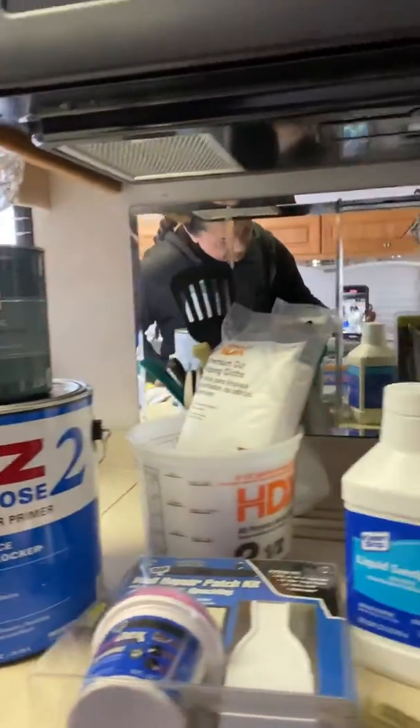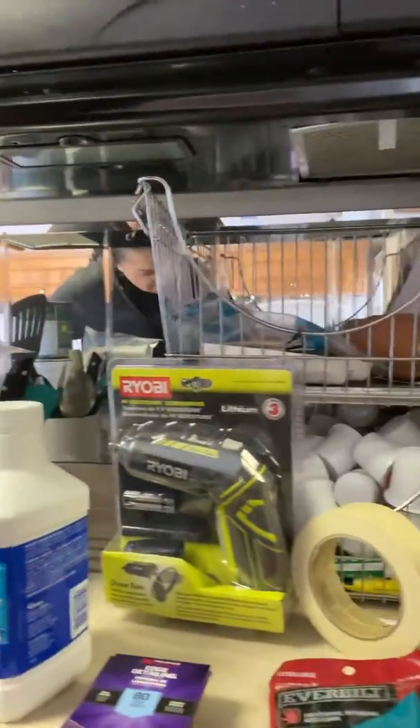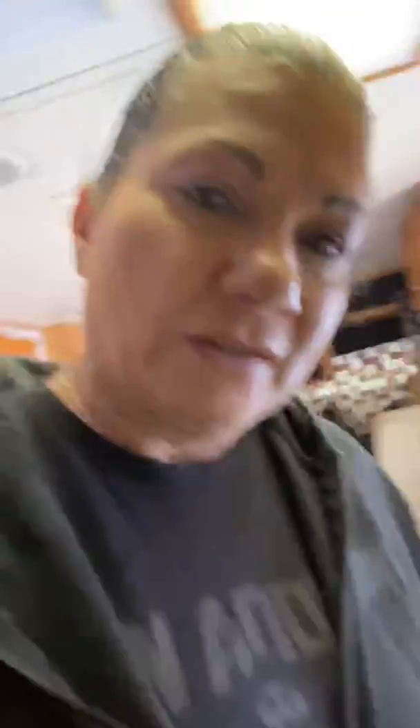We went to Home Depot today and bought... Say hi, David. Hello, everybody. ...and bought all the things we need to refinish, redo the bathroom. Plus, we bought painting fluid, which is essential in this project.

══════

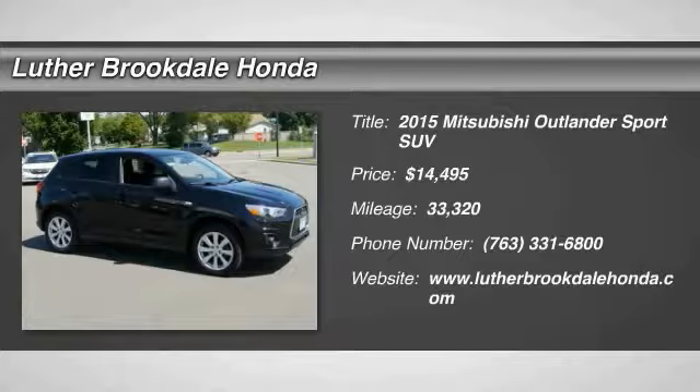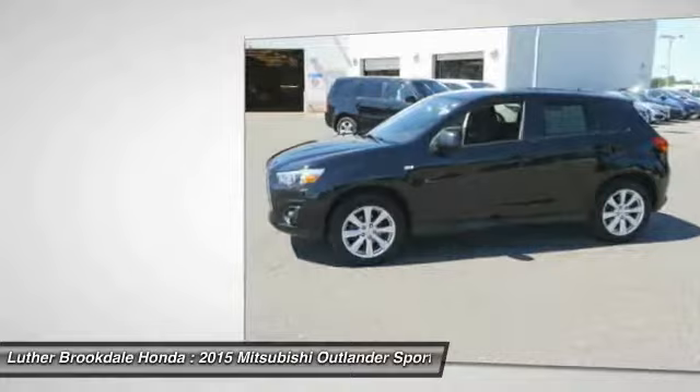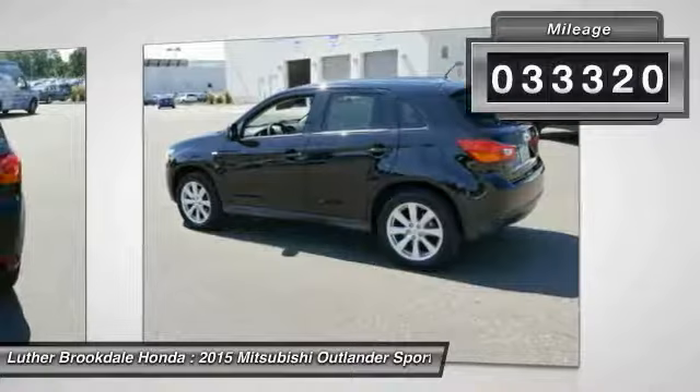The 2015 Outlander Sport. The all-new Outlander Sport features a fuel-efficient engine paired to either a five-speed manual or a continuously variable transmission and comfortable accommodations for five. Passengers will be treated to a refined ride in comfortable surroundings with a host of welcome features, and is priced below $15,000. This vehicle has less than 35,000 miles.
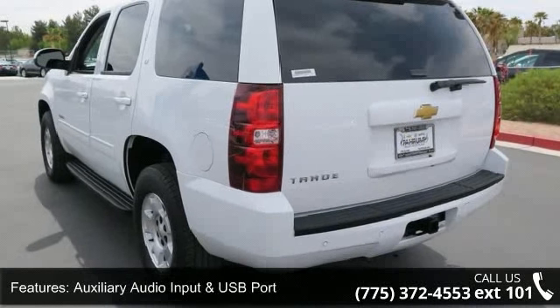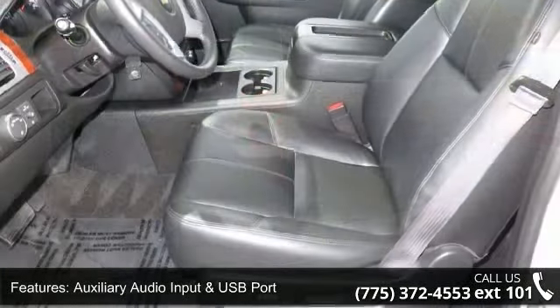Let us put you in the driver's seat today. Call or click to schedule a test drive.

══════

REQUIRED WORK. Pictures excluded, reproduce only the part above that opens with the line holding "The 2015 Outlander" and closes with the line holding "Let us put you", exactly as written.

PROBLEM SOLUTION.
The 2015 Outlander Sport. The all-new Outlander Sport features a fuel-efficient engine paired to either a five-speed manual or a continuously variable transmission and comfortable accommodations for five. Passengers will be treated to a refined ride in comfortable surroundings with a host of welcome features, and is priced below $15,000. This vehicle has less than 35,000 miles.
Let us put you in the driver's seat today. Call or click to schedule a test drive.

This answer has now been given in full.